Baking Einkorn Bread In A Halogen Oven
I had no experience of baking bread before our experiment with einkorn flour – so I simply sourced some einkorn flour from the local health food shop and followed the instructions to the letter.
Here’s the recipe below:
Quick Einkorn Bread
500 g (17.6 oz) einkorn flour sifted
1 teaspoon of quick yeast
1 teaspoon of salt
1 teaspoon of sugar
325 ml (11 fluid ounces) of water
- Mix everything together in a large bowl and leave to prove in a warm place for an hour.
- Gently push the dough back down and knead lightly. Add a little olive oil, up to 2 tablespoons according to taste, and place the dough into a 2 lb baking tin.
- Leave for a further 25 to 30 minutes and then place in an oven at 200 C (390 F) or 180 C (360 F) if fan assisted. Leave for 35 to 40 minutes and remove.
- Tap the bread upon removal from the oven. It should have a slightly hollow sound. If not, pop it back in for another few minutes.
To cut a long story short, it was a great success. The einkorn bread has a very distinctive nutty taste. It’s a little like rye bread in some ways.
My wife enjoyed it immensely and experienced no unpleasant side effects. I then went on to try baking bread with Khorasan flour (Kamut) and that went down even better. It’s a matter of personal taste of course, but my wife seems to have a slight preference for the Khorasan bread.

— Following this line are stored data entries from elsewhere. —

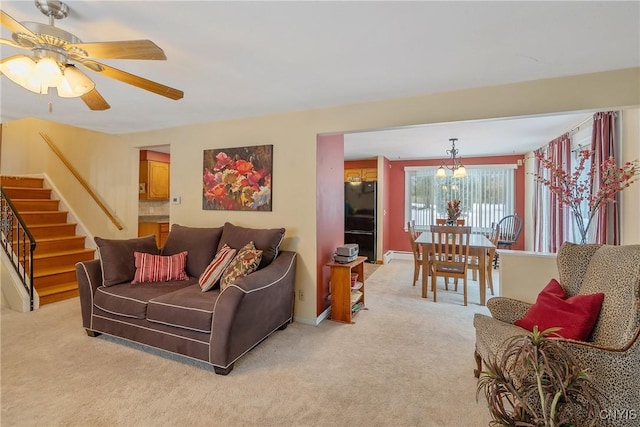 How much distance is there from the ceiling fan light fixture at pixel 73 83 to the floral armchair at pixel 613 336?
9.19 feet

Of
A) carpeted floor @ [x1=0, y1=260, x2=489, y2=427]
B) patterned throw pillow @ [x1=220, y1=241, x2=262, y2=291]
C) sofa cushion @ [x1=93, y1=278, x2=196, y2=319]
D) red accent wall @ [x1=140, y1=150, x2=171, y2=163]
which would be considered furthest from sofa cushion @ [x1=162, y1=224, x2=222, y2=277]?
Result: red accent wall @ [x1=140, y1=150, x2=171, y2=163]

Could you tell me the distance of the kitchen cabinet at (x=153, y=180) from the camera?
545cm

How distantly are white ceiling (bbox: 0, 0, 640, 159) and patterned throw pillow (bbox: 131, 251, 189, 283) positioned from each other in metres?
1.57

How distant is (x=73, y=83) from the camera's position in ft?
5.53

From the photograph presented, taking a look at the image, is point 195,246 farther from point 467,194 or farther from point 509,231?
point 509,231

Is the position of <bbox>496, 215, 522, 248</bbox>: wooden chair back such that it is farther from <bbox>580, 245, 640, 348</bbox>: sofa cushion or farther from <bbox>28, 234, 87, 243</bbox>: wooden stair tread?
<bbox>28, 234, 87, 243</bbox>: wooden stair tread

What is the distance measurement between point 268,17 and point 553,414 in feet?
7.13

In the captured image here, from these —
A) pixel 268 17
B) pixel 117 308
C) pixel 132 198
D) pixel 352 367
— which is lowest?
pixel 352 367

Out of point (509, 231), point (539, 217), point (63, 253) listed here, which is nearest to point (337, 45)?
point (63, 253)

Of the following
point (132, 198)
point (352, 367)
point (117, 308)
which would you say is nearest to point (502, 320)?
point (352, 367)

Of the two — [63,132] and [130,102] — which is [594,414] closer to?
[130,102]

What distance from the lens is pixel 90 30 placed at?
1.74 meters

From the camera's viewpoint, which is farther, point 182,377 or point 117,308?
point 117,308

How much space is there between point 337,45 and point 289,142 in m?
1.46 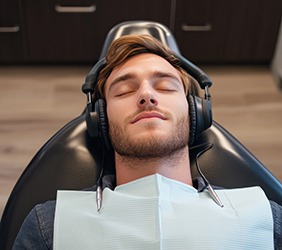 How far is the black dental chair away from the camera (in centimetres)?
113

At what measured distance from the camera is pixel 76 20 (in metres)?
2.40

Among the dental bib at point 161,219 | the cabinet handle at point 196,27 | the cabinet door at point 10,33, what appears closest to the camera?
the dental bib at point 161,219

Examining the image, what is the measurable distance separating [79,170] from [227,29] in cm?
161

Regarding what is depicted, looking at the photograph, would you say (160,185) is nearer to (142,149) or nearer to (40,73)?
(142,149)

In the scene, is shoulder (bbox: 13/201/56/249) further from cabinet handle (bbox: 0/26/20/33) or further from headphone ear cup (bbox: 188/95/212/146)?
cabinet handle (bbox: 0/26/20/33)

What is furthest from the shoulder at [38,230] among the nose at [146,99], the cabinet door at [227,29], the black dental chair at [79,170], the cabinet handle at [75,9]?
the cabinet door at [227,29]

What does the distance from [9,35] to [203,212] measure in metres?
1.82

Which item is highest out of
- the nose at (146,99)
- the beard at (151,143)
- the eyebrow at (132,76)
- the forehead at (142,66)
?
the forehead at (142,66)

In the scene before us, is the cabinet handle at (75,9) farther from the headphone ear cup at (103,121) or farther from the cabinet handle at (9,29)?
the headphone ear cup at (103,121)

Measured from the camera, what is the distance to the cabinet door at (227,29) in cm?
242

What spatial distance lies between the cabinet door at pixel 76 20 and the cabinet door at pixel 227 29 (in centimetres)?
14

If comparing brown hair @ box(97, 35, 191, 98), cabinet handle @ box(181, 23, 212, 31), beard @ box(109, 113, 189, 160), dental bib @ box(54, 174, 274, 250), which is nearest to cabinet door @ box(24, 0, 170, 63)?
cabinet handle @ box(181, 23, 212, 31)

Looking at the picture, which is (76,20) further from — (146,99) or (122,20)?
(146,99)

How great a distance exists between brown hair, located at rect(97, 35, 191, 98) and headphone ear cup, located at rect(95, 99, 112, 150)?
4.1 inches
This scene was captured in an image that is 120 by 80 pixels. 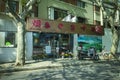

The procedure for Khorasan is much the same as einkorn – but you use a little more water and bake it at a slightly higher temperature.
Baking Einkorn And Khorasan Bread In A Halogen Oven
As mentioned earlier, I followed the instructions to the letter since I didn’t have any experience baking bread. However, as I love using my halogen oven, it was only natural that my next step would be to bake einkorn bread in the halogen oven.
Normally, when trying a new recipe, I set the temperature for whatever is recommended for a fan assisted oven. So, in this case, I reduced the temperature to 180 C (360F) and baked the loaf for 35 minutes.
It turned out fine, but the crust was a little more colored than when cooked in the oven. It was also a little thicker – crustier if you like.
Dropping the temperature and increasing the baking time produced a bread which, although not having the thick crust, was a bit heavy and doughy.
The best results were obtained by keeping the temperature at 180C/360F and fitting the extender ring. Results were pretty well identical to the bread baked in the “big oven”.
In the end, there’s not a huge advantage in baking your bread in the halogen oven – but it is fun to watch it rise and turn into a nice loaf. You will certainly save some energy when baking in the halogen oven.
Other Advantages of Ancient Grains
Unlike my wife, I haven’t given up wheat altogether. That’s pretty well based on the fact that I can’t imagine life without beer – unless I could find some einkorn beer somewhere of course.
However, on one occasion, when we had run out of normal bread, I used the Khorasan bread for my breakfast toast. I was absolutely amazed to find that I still wasn’t hungry again by early afternoon. I really had to make myself eat a very late lunch. It fills you up much more than modern day, highly processed bread does.
In summary, baking bread with ancient grains does seem to offer certain advantages over eating readily available bread from the supermarket. As I had no experience with baking bread before this recent experiment, I’m able to say that it’s much faster and easier than you might imagine – so it might be worth your while to give it a try.